Cysteine Leukotriene Receptor Antagonist-Montelukast-Treatment Improves Experimental Abdominal Aortic Aneurysms in Mice

Abstract

Background: Cysteinyl leukotrienes (LTs) and their receptors are involved in the pathogenesis of abdominal aortic aneurysms (AAAs). However, whether CysLT1 receptor antagonists such as montelukast can influence experimental nondissecting AAA remains unclear. Methods: Nondissecting AAAs were induced in C57BL/6J mice by transient aortic luminal infusion of porcine pancreatic elastase (PPE). All animals were administrated montelukast (1 or 10 mg/kg, daily) or vehicle by gavage beginning 1 day before PPE infusion for 14 days. On day 0 (baseline) and day 14 after PPE infusion, abdominal aortic diameters were directly measured. Aortic aneurysmal segment samples were collected, and histopathological analysis was performed. Results: Compared to vehicle treatment, montelukast significantly decreased PPE infusion-induced aortic expansion in a dose-dependent manner (0.09-mm reduction at a low dose and 0.19-mm reduction at a high dose). Histopathological analysis also revealed that compared with vehicle treatment, montelukast treatment, especially in the high-dose group, significantly improved PPE-induced aortic elastin degradation and medial smooth muscle cell depletion. Both doses of montelukast also markedly decreased the number of local leucocytes, including macrophages, CD4⁺ T cells, CD8⁺ T cells, and B cells, infiltration and accumulation in aortic aneurysmal lesions. Montelukast treatment also downregulated matrix metalloproteinase 2 (MMP2) and MMP9 expression and inhibited mural angiogenesis in aneurysmal aortas. Conclusion: Montelukast treatment improves experimental nondissected AAAs in mice partly by improving aortic inflammation.

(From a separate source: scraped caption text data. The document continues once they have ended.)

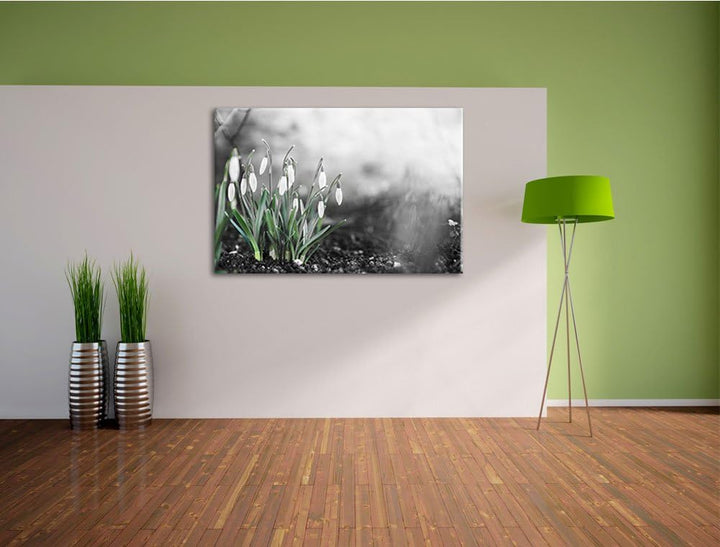 Frühlings Schneeglöckchen schwarz/weiss Format: 100x70 auf Leinwand, XXL riesige Bilder fertig gerah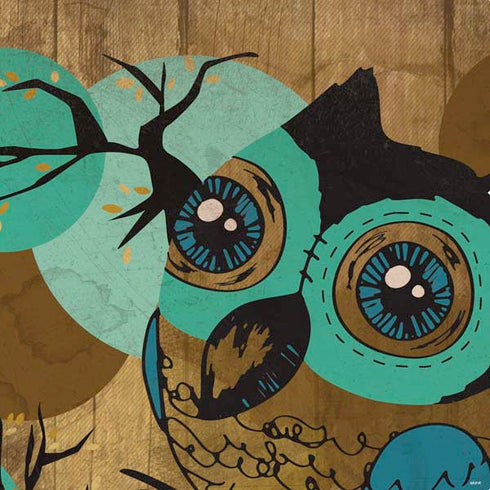 Autumn Owl PS4 Pro Bundle Skin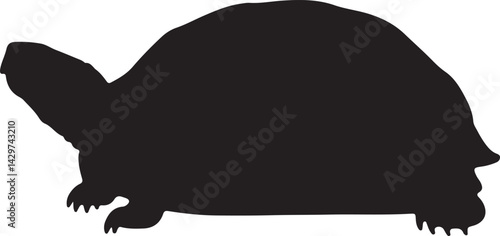 Eastern Box Turtle Silhouette on White Background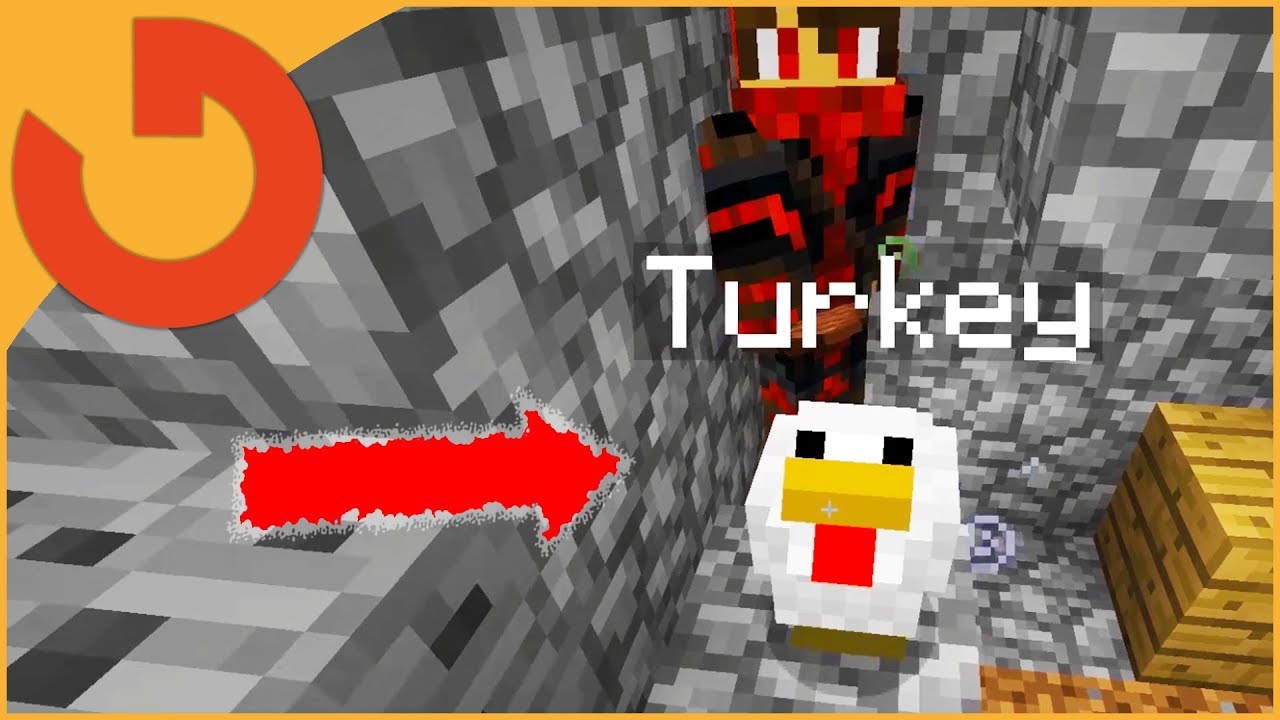 I BET YOU'VE NEVER SEEN TURKEYS THAT EAT PLAYERS! - YouTube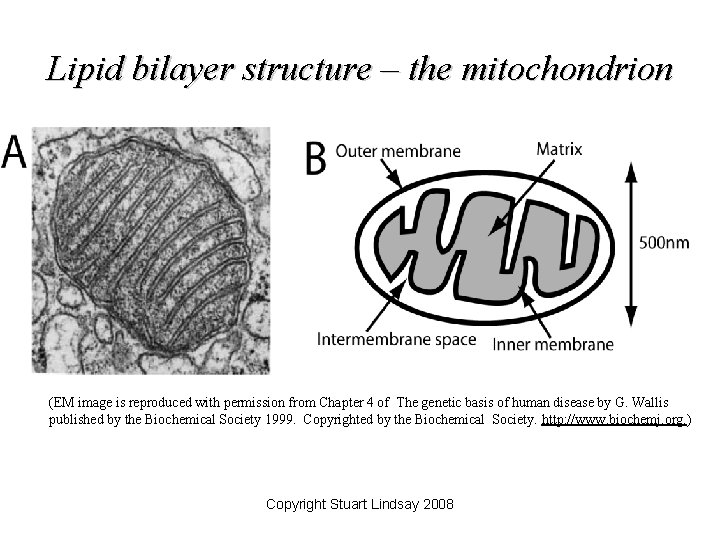 Lipid bilayer structure – the mitochondrion (EM image is reproduced with permission from Chapter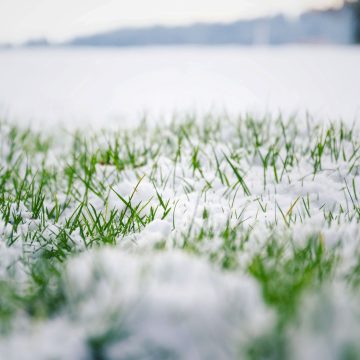 closeup view of snow-covered ground is a reminder to winterize sprinkler systems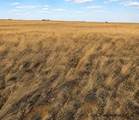 TBD Road 146 - Photo 5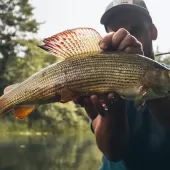 slunjcica ribolovno podrucje  20 .1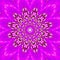 Lilas pink vibrant mandala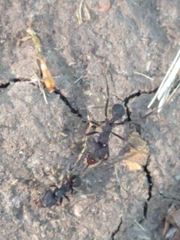 Acromyrmex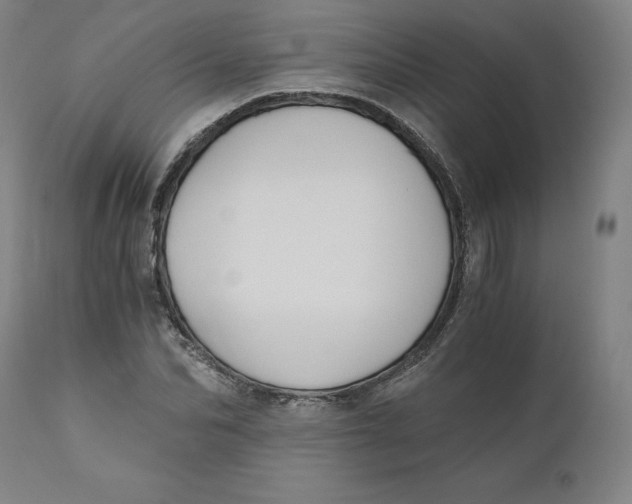 X0000110690974200907021929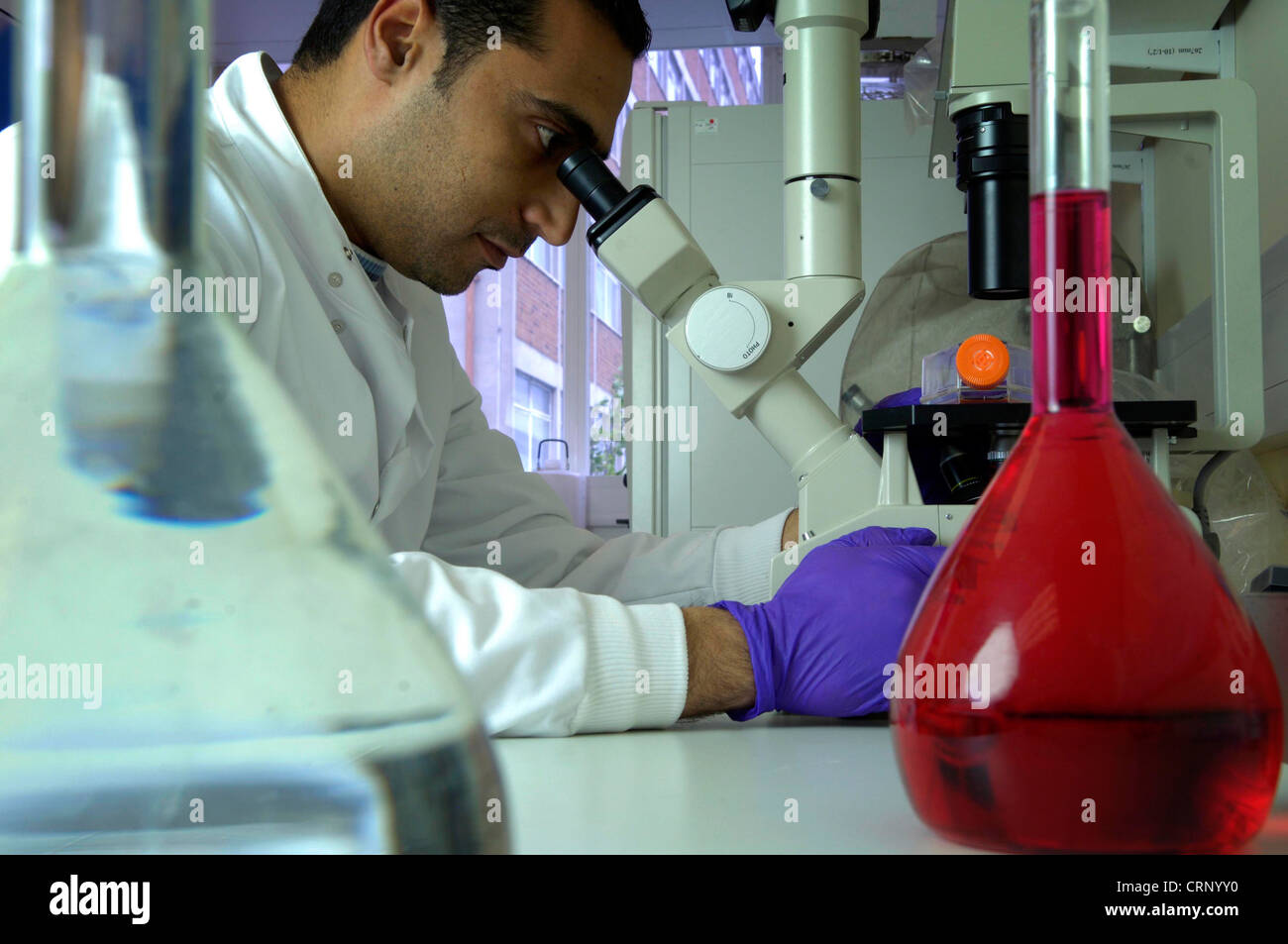 Laboratory Stock Photo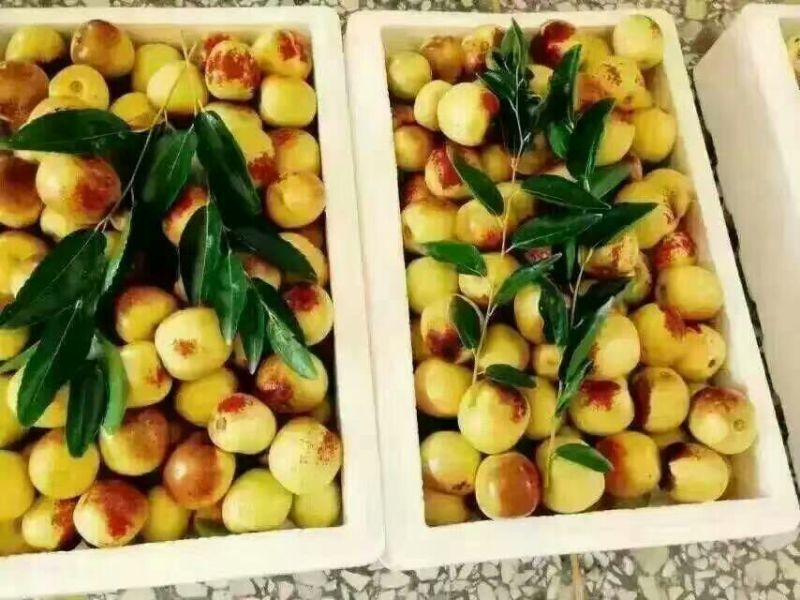 大荔冬枣直口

Keywords: abdominal aortic aneurysm; elastin; inflammation; montelukast; smooth muscle cells.

Figure 1

Montelukast inhibits the increase in aortic diameter in mice with experimental AAAs. (a) Experimental design: all mice received PPE infusion to model AAAs. Two doses of montelukast (1 or 10 mg/kg, daily) or vehicle were given by gavage (n = 10 each group). (b) Aortic diameters on Day 0 (baseline) and Day 14 (sample collection timepoint) after PPE infusion. Two-way ANOVA with multigroup comparisons was performed; ⁣^∗∗p < 0.01. (c) Representative images of abdominal aortas on Day 0 and Day 14 after surgery. (d) Increase in aortic diameter over baseline (%). One-way ANOVA with comparisons between two groups was carried out (⁣^∗∗p < 0.01).

Figure 2

Montelukast inhibits PPE infusion–induced aortic medial elastin destruction and SMC depletion. (a) Representative images of histopathological staining of aneurysmal aortic segments in frozen sections. (b) Histological grading and semiquantification of aortic medial elastin (n = 10/group). (c) Histological grading and semiquantification of aortic medial SMC depletion (n = 10/group). One-way ANOVA with a multigroup nonparametric Kruskal–Wallis test was performed (⁣^∗p < 0.05 and ⁣^∗∗p < 0.01). NS, not significant.

Figure 3

Montelukast decreases aortic leukocyte accumulation. (a) Representative images of aortic infiltrated leukocytes, macrophages, T cells, and B cells. (b–e) Quantification or semiquantification of leukocyte subsets per ACS (n = 10/group). For normally distributed data, one-way ANOVA was used (for T cells and B cells), and the nonparametric Kruskal–Wallis test was used for semiquantification of the macrophage score. ⁣^∗p < 0.05 and ⁣^∗∗p < 0.01.

Figure 4

Montelukast downregulated MMP2 and MMP9 expression. (a) Representative IHC images of aortic MMP2 and MMP9. (b, c) Quantification of MMP2- and MMP9-positive areas in the aneurysmal aorta. One-way ANOVA was used (n = 10/group). ⁣^∗∗p < 0.01.

Figure 5

Montelukast treatment reduces mural neovessel numbers. Mural neovessels were marked by CD31 IHC staining, and angiogenesis was evaluated by counting the number of neovessels per ACS. One-way ANOVA was performed for statistical analysis (n = 10/group). ⁣^∗∗p < 0.01.